- Data for review
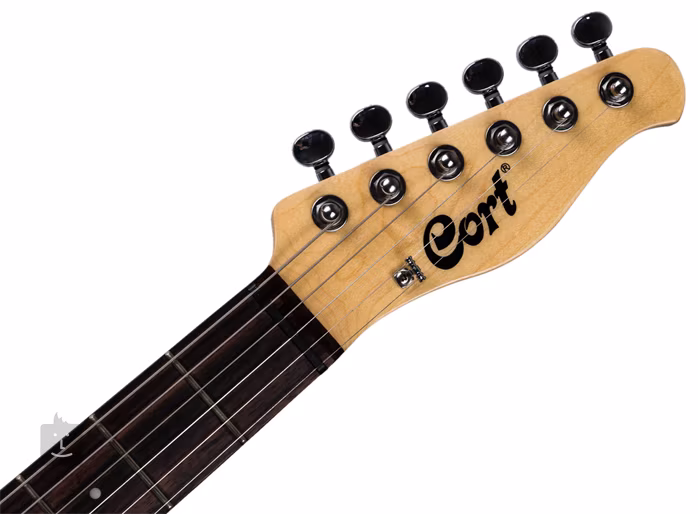 Cort Classic TC BIM - Elektrická kytara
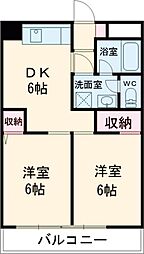 CottonWill上篠崎 202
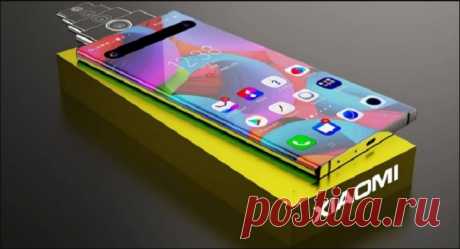 Xiaomi Mi Mix Alpha Max: 12 ГБ оперативной памяти, 108-мегапиксельная камера и 1 ТБ памяти Поклонники Xiaomi, у нас для вас хорошие новости! Новый зверь, получивший название Xiaomi Mi Mix Alpha Max, поставляется с впечатляющими характеристиками, такими как 12 ГБ оперативной памяти и 108-мегапиксельная камера.  Xiaomi Mi Mix Alpha Max: 12 ГБ оперативной памяти, 108-мегапиксельная камера и 1 ТБ памяти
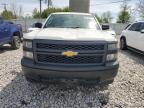 2015 Chevrolet Silverado C1500 for Sale in Wayland, MI - Normal Wear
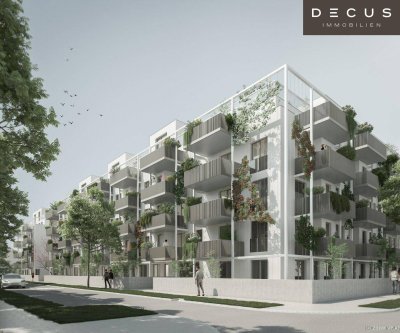 | 1,5 ZIMMER | 3. OG | BALKON | GLORIETTA | ERSTBEZUG IN HIETZING | NAHE UNTER ST. VEIT | MIETBEGINN PER 01. DEZEMBER 2025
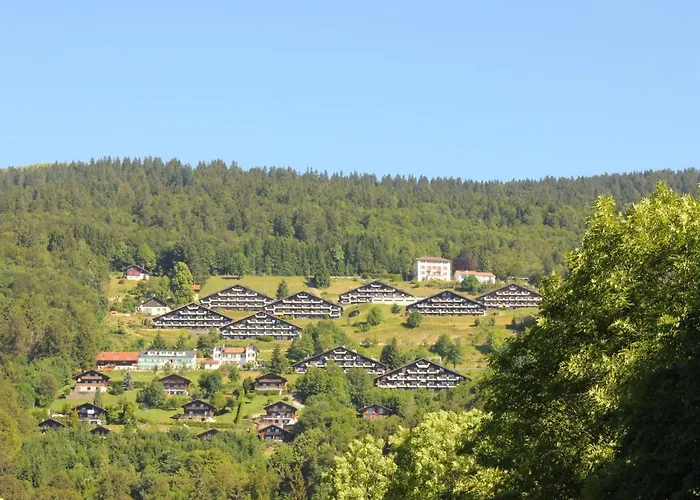 Apartman Eridan By Interhome Les Rasses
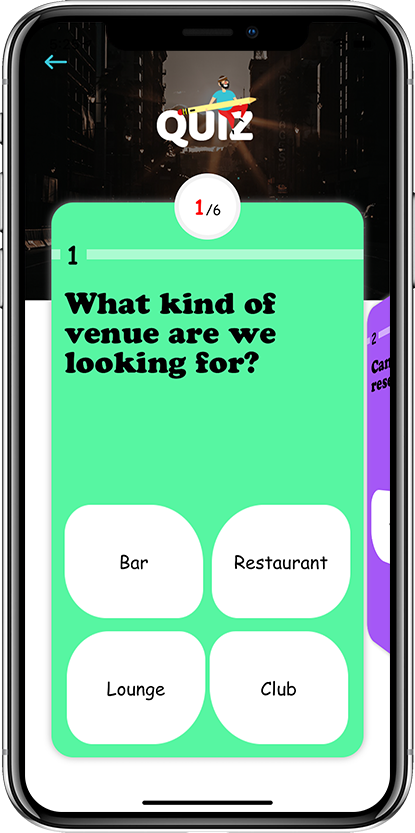 boh restaurant finding apps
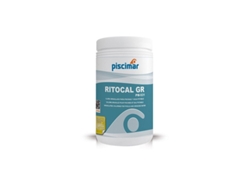 PM-531 RITOCAL GR (Hipoclorito Cálcico Granulado) 1 KG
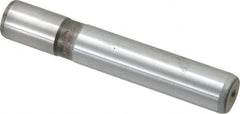 Dayton Lamina - 3/4" Diam x 4-1/2" Long Press Fit Friction Guide Post - Chrome Plated, Hardened Steel - Exact Tooling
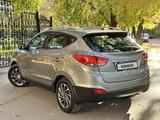 Hyundai Tucson 2011 годаүшін6 900 000 тг. в Петропавловск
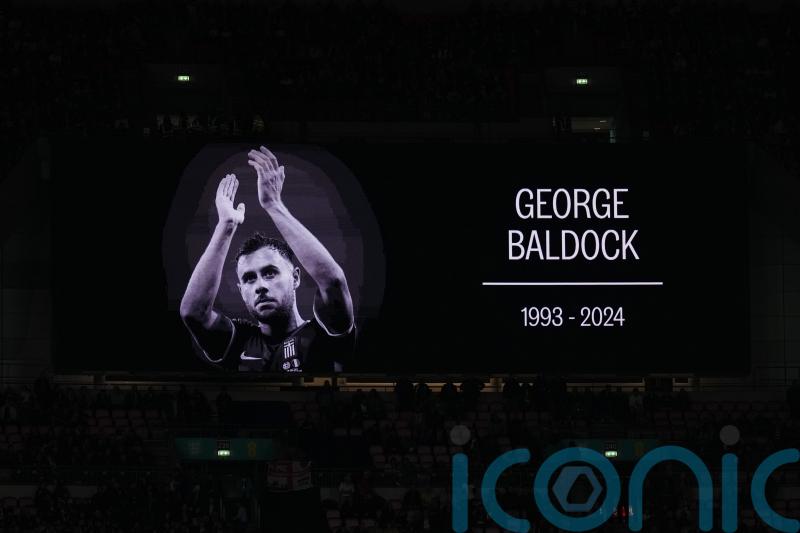 George Baldock &lsquo;tragically drowned&rsquo; while swimming in his home pool in Athens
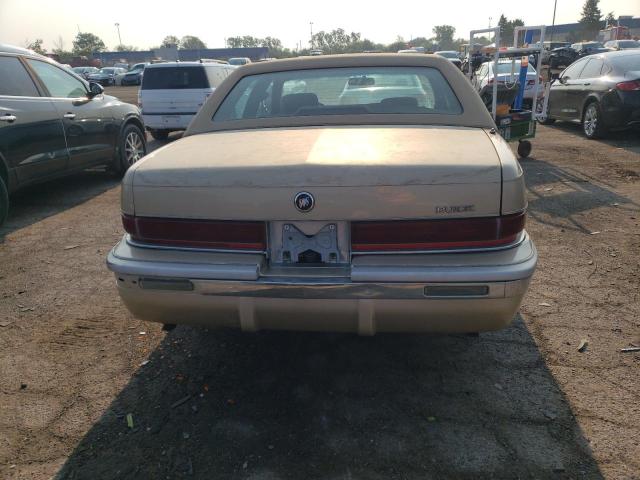 Photo 5 VIN: 1G4BT52P3SR420918 - BUICK ROADMASTER 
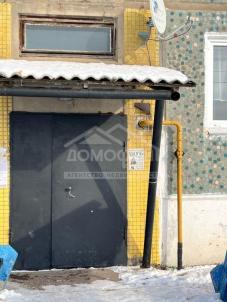 Продажа квартиры Комсомольская, 6 Продажа квартиры Комсомольская, 6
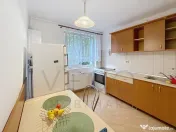 2 camere si loc parcare, etaj intermediar, zona Grigorescu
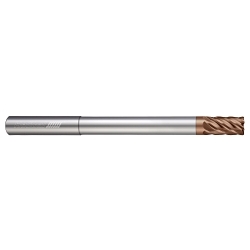 1/2 1/2SHK 5/8LOC END MILL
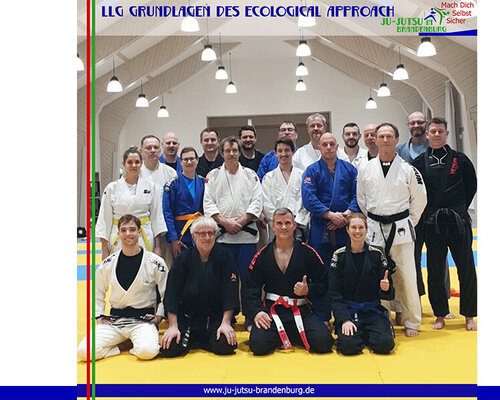 Tolle Fortbildung für TrainerInnen und ÜbungsleiterInnen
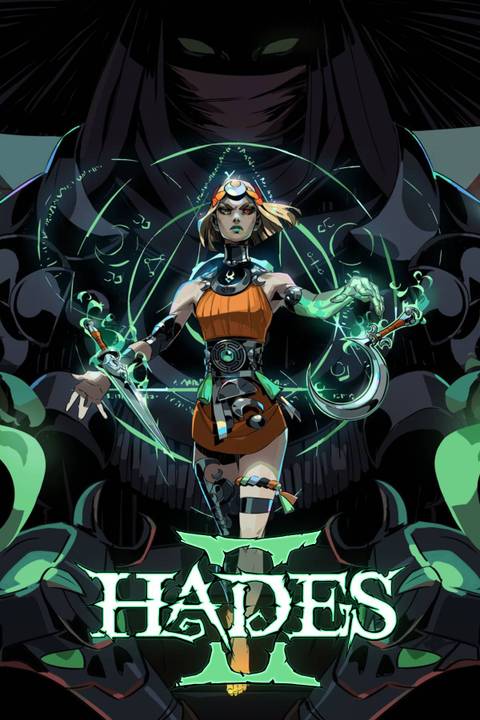 Hades 2 Tag Page Cover Art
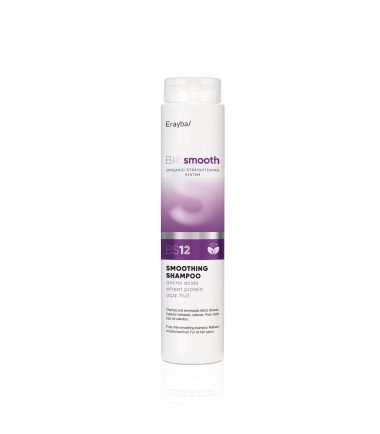ERAYBA BIO SMOOTH BS12 SMOOTHING SHAMPOO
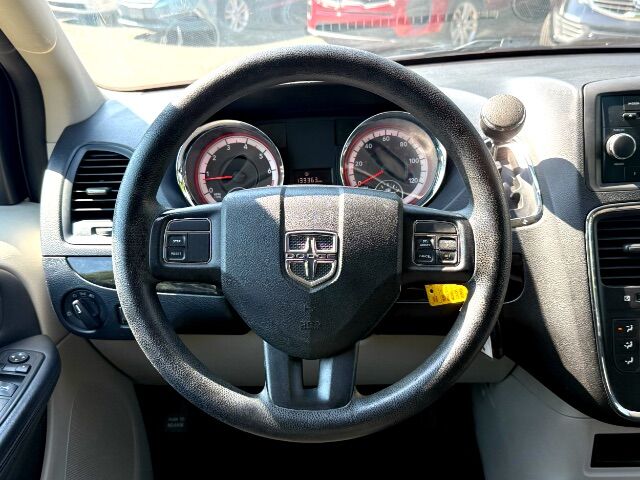 2013 Dodge Grand Caravan SE Cincinnati OH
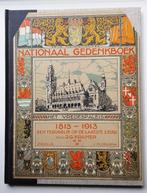 Nationaal gedenkboek, Het Vredespaleis, Gelezen, 19e eeuw, J.G. Kramer, Ophalen of Verzenden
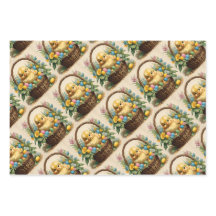 Páscoa Vitoriana, Páscoa Woodland, Páscoa Boho,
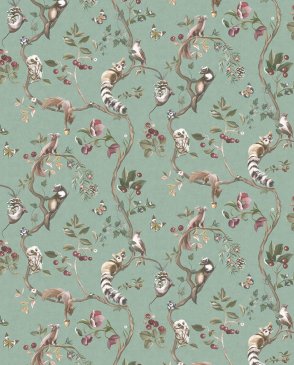 Обои Room Reform Kids 1 RA010101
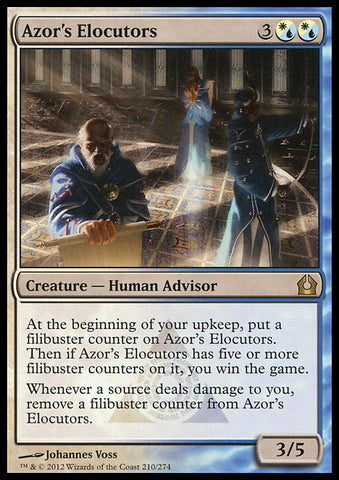 jace architect of thought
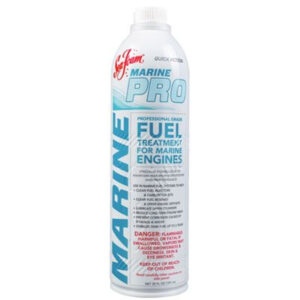 SEAFOAM MARINE PRO FUEL TREATMENT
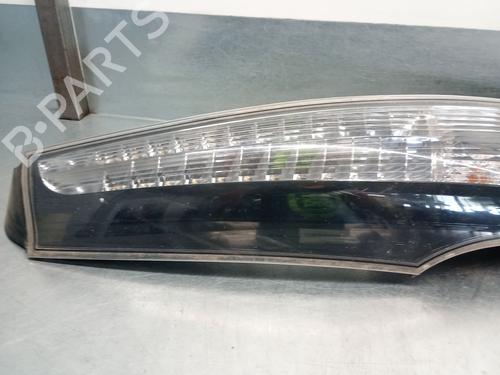 Left taillight MITSUBISHI GRANDIS (NA_W) 2.0 DI-D (NA8W) | BP28214242C34 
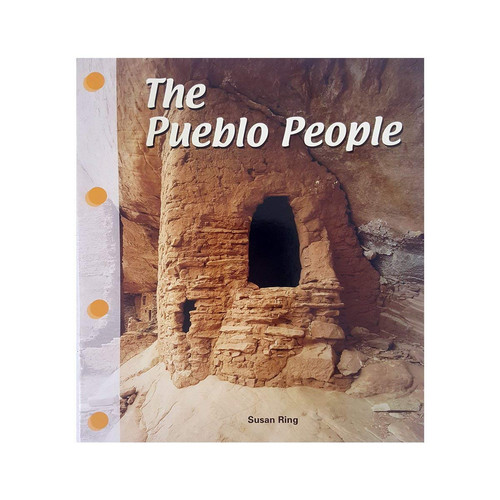 The Pueblo People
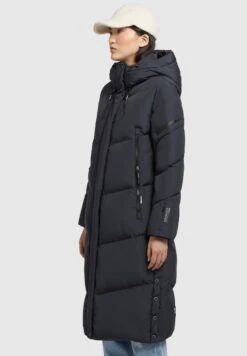 Khujo Sonje 4 - Abrigo De Invierno - Graublau 13 Khujo Sonje 4 - Abrigo De Invierno - Graublau -Tienda Ropa Moderna b3e3b32d0f424c69a7f5741580240a19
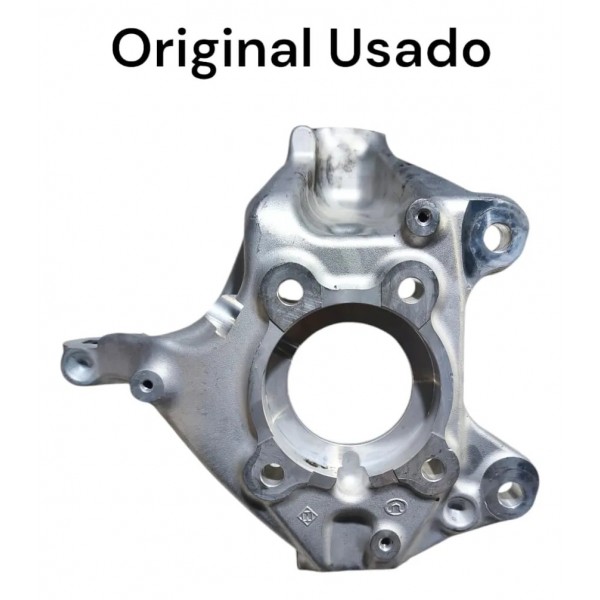 Manga Eixo Montante Dianteiro Direito 2024 2026 Haval H6 1.5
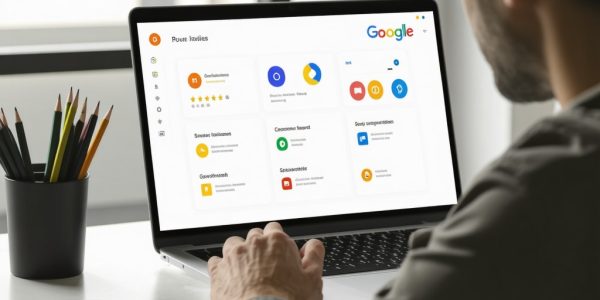 How to Improve Google Business Rank Using Review Strategies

- Exercise goal
Omit the pictures, then output the rest of the listing exactly.

- Response to the task
 Cort Classic TC BIM - Elektrická kytara
 CottonWill上篠崎 202
 Xiaomi Mi Mix Alpha Max: 12 ГБ оперативной памяти, 108-мегапиксельная камера и 1 ТБ памяти Поклонники Xiaomi, у нас для вас хорошие новости! Новый зверь, получивший название Xiaomi Mi Mix Alpha Max, поставляется с впечатляющими характеристиками, такими как 12 ГБ оперативной памяти и 108-мегапиксельная камера.  Xiaomi Mi Mix Alpha Max: 12 ГБ оперативной памяти, 108-мегапиксельная камера и 1 ТБ памяти
 2015 Chevrolet Silverado C1500 for Sale in Wayland, MI - Normal Wear
 | 1,5 ZIMMER | 3. OG | BALKON | GLORIETTA | ERSTBEZUG IN HIETZING | NAHE UNTER ST. VEIT | MIETBEGINN PER 01. DEZEMBER 2025
 Apartman Eridan By Interhome Les Rasses
 boh restaurant finding apps
 PM-531 RITOCAL GR (Hipoclorito Cálcico Granulado) 1 KG
 Dayton Lamina - 3/4" Diam x 4-1/2" Long Press Fit Friction Guide Post - Chrome Plated, Hardened Steel - Exact Tooling
 Hyundai Tucson 2011 годаүшін6 900 000 тг. в Петропавловск
 George Baldock &lsquo;tragically drowned&rsquo; while swimming in his home pool in Athens
 Photo 5 VIN: 1G4BT52P3SR420918 - BUICK ROADMASTER 
 Продажа квартиры Комсомольская, 6 Продажа квартиры Комсомольская, 6
 2 camere si loc parcare, etaj intermediar, zona Grigorescu
 1/2 1/2SHK 5/8LOC END MILL
 Tolle Fortbildung für TrainerInnen und ÜbungsleiterInnen
 Hades 2 Tag Page Cover Art
ERAYBA BIO SMOOTH BS12 SMOOTHING SHAMPOO
 2013 Dodge Grand Caravan SE Cincinnati OH
 Nationaal gedenkboek, Het Vredespaleis, Gelezen, 19e eeuw, J.G. Kramer, Ophalen of Verzenden
 Páscoa Vitoriana, Páscoa Woodland, Páscoa Boho,
 Обои Room Reform Kids 1 RA010101
 jace architect of thought
 SEAFOAM MARINE PRO FUEL TREATMENT
 Left taillight MITSUBISHI GRANDIS (NA_W) 2.0 DI-D (NA8W) | BP28214242C34 
 The Pueblo People
 Khujo Sonje 4 - Abrigo De Invierno - Graublau 13 Khujo Sonje 4 - Abrigo De Invierno - Graublau -Tienda Ropa Moderna b3e3b32d0f424c69a7f5741580240a19
 Manga Eixo Montante Dianteiro Direito 2024 2026 Haval H6 1.5
 How to Improve Google Business Rank Using Review Strategies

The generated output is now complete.